Bugünün en dikkat çeken gelişmelerinden biri, Memur-Sen Genel Başkanı Ali Yalçın'ın, toplu sözleşme görüşmelerini yürüttüğü Kamu İşveren Heyeti ile bir araya gelmek üzere Çalışma ve Sosyal Güvenlik Bakanlığı'na gelmesi oldu.
Ancak, Kamu Emekçileri Sendikaları Konfederasyonu (KESK) ise diğer sendikaların toplantıya alınmamasının kanuna aykırı olduğu belirtti.
KESK'ten yapılan açıklamada, şu ifadelere yer verildi:
"Çalışma Bakanlığı'nın bugün Memur Sen, Kamu Sen ve KESK'in de katılması gereken toplantıyı gerçekleştirmemiş olması Çalışma Bakanlığı'nın TİS kanununa uymadığını, bu masanın yok hükmünde olduğunu bir kez daha gözler önüne sermiştir. Yandaş sendika ile kapalı kapılar ardında görüşülen TİS sürecinde gündüzün aydınlığında söz kuramayanlar, gecenin karanlığında kamu emekçilerinin haklarını sarayın sofrasına sunuyorlar."
Çalışma Bakanlığı'nın bugün Memur Sen, Kamu Sen ve KESK'in de katılması gereken toplantıyı gerçekleştirmemiş olması Çalışma Bakanlığı'nın TİS kanununa uymadığını, bu masanın yok hükmünde olduğunu bir kez daha gözler önüne sermiştir.

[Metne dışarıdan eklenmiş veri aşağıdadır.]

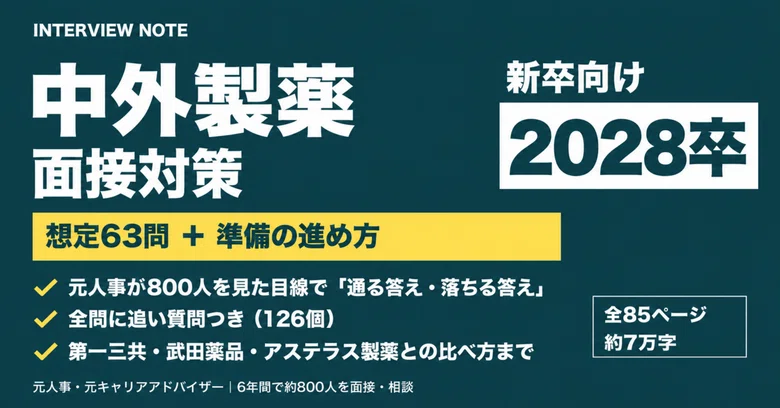 [Class of '28] Chugai Pharmaceutical Interview Preparation | 63 ...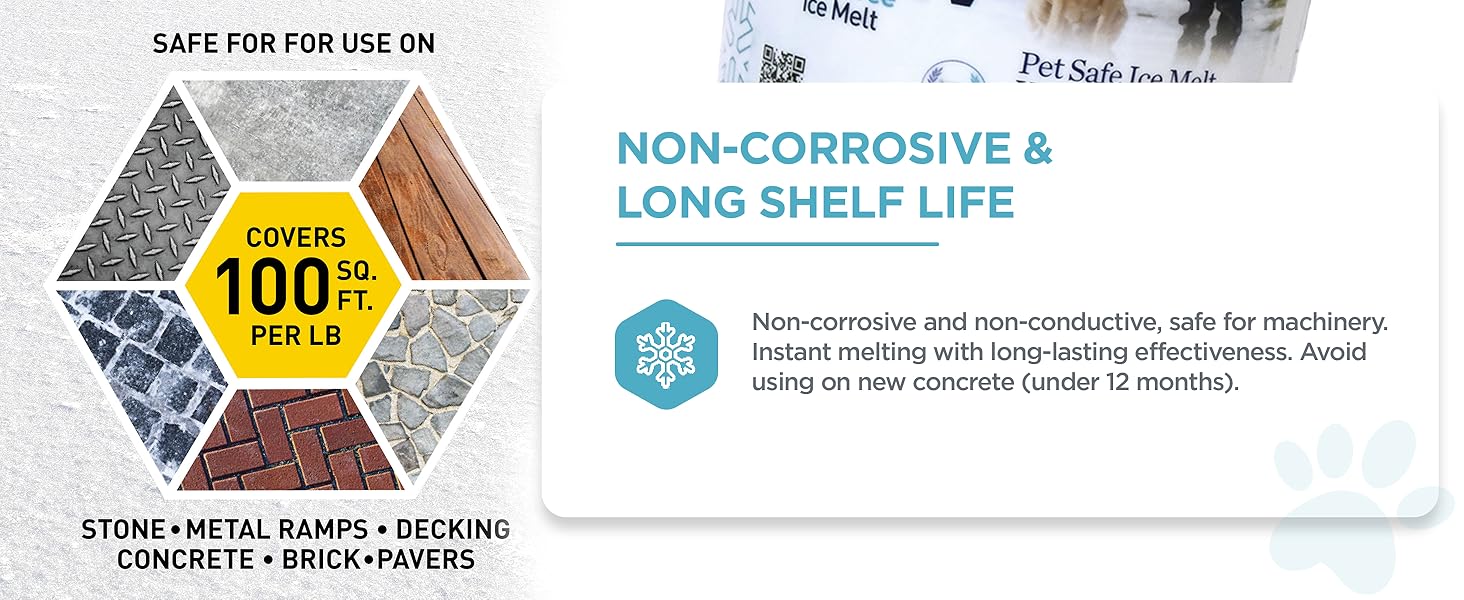 Non-Corrosive &amp; Long Shelf Life: It’s non-corrosive and non-conductive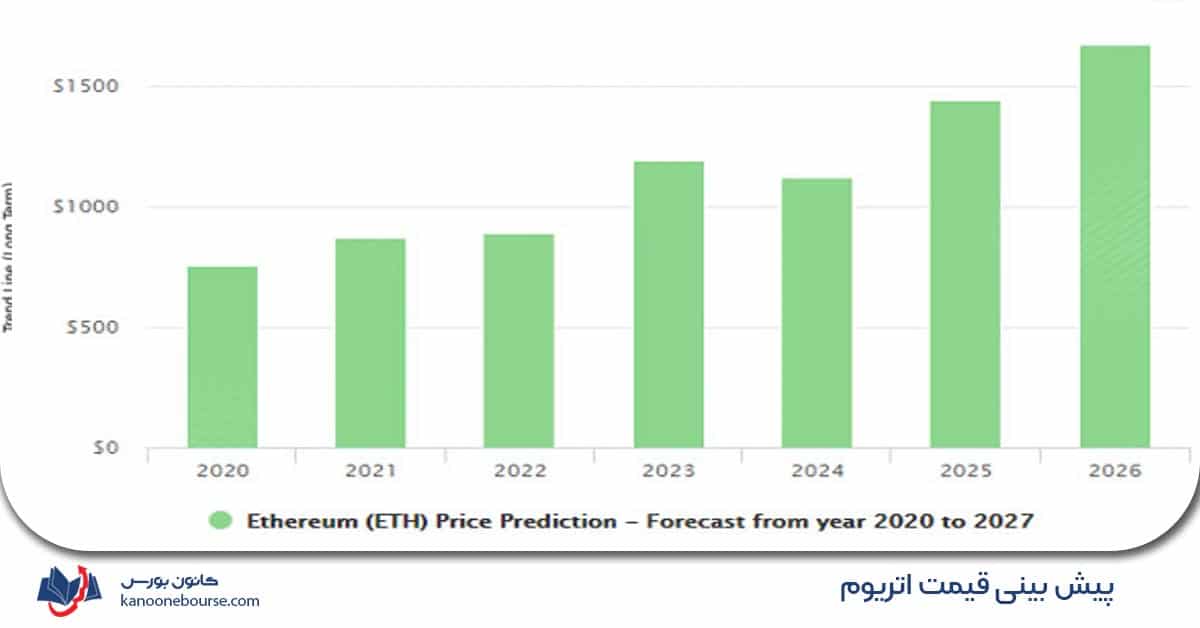 پیش بینی قیمت اتریوم تا سال 2025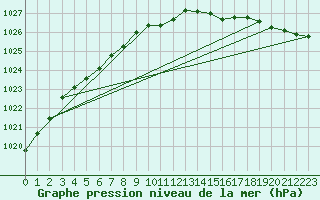 Courbe de la pression atmosphrique pour Kokemaki Tulkkila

Yandaş sendika ile kapalı kapılar ardında… pic.twitter.com/4gNglzA2sa
— KESK (@KESK1995) August 22, 2023
"Yasa gerçek bir toplu sözleşmeyi ifade etmiyor"
Öte yandan KESK Eş Başkanı Mehmet Bozgeyik, bugün beklenen toplantının yapılmaması ve buna ilişkin herhangi bir açıklamada bulunulmamasına ilişkin açıklamalarda bulundu:
“1 Ağustos’tan bu yana devam eden toplu sözleşme süreci, kamu emekçileri açısından anti-demokratik bir yöntemle yürütülmeye çalışılıyor. Özellikle toplantının yürütülmesi, katılım boyutu ve kamuoyunun, emekçilerin bilgilendirilmesi noktasında da 22 gündür hem bizlere hem kamuoyunu tatmin edici bir açıklamanın yapılmadığı ve sürecin anti-demokratik bir şekilde yürütüldüğü, bugün toplantının ertelenmesi, yapılmamasıyla birlikte açığa çıktı. Zaten çok yoğun bir ekonomik kriz ortamında bir toplu sözleşme sürecini yürütmeye çalışıyoruz.
Bugünkü toplantının yapılmaması ve bu noktada taraflara bir açıklamanın, bilgilendirmenin dahi yapılmaması, yine basına bu noktada bir açıklama, izahatın yapılmaması iktidarın aslında kendi içerisinde bir kriz yaşadığını, siyasal bir krize dönüştüğünü ve yönetememe krizinin bu toplu sözleşme sürecinde giderek daha fazla derinleştiğini açığa çıkardı.
O nedenle KESK olarak, 2010 yılından beri bu yasanın düzenlenmesinden sonra, referandum sürecinde de ifade ettiğimiz gibi yasa gerçek bir toplu sözleşmeyi ifade etmiyor. Hem katılımcı boyutuyla hem grev hakkı, gerçek bir toplu sözleşme olmaması ve bugün ortaya çıkan durumun da açıkça gösterdiği gibi bu masanın artık bir anlamı kalmadığını tüm kamu emekçileri nezdinde ortaya çıkmıştır.
Derhal demokratik bir toplu sözleşme yasasının çıkartılması, örgütlenme özgürlüğü ve grev hakkı yönündeki engellerin kaldırılacağı gerçek bir toplu sözleşme yasasıyla ancak kamu emekçilerinin ve emeklilerinin haklarında bir iyileşme, çalışma yaşamında bir demokratikleşme olacağını düşünüyoruz.”